The diesel engine also sounds quite appealing – almost like a deeper straight-six petrol. Also impressive is the steering, which, despite being light (things do get heavier when flicking through the sportier driving modes, though) is responsive. 

The CLS’ interior is a quality affair and is similar to the E-Class and S-Class in layout – although the CLS’ lower roofline does help make things feel more purposeful. The ride is fluid and it only starts to come undone when short, sharp undulations are involved. How much does all this high-performance, high-class diesel goodness cost?
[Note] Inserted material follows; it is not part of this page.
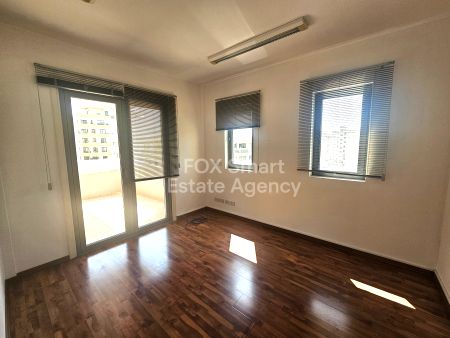 משרד למכירה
New prices start at just over £66,000 which is a significant saving over an equivalent four-door BMW 8 Series. 

Audi S6

More expensive and more expansive than the smaller S4, the S6 seems to pick up where its stablemates leave off… 

  • 0-62mph time: 5.0 seconds
  • Top speed: 155mph
  • Power: 336bhp
  • Torque: 700Nm

Despite costing nearly £14,000 more than an Audi S4 the S6 is actually 0.4 seconds slower to 62mph from a standing start than its stablemate. In truth, the S6 is a bigger car and as both models come with similar power and performance figures (336bhp, 700Nm and a top speed of 155mph) it is perhaps little surprise the extra size blunts performance somewhat. 

Official fuel consumption for saloon models is claimed to be up to 40.4mpg (depending on specification) under WLTP testing. Avants (aka estate models) do lose some economy, though, with a maximum WLTP figure of 39.2mpg. Just like the other fast diesel Audis highlighted on these pages, there is a mild-hybrid system on hand to help boost performance and save fuel.

Furthermore, an eight-speed automatic gearbox is standard as is Audi’s Quattro four-wheel-drive system. There are a number of performance options available although these do no favours for the list price. Example go-faster additions include rear-wheel steering and a sport differential. With these fitted, the S6 is enjoyable to drive – a significant improvement over some previous generations of fast Audis. 

The S6 is also very smooth out on the open road – especially at motorway speeds. That is, until the mood takes you because when the diesel V6 is provoked it erupts with a wave of torque. Add-in a classy cabin and the S6 is a great place to be for any journey. Digging a little deeper into the interior, all the areas drivers touch regularly are made of high-quality materials, and the dash is clean and unfussy.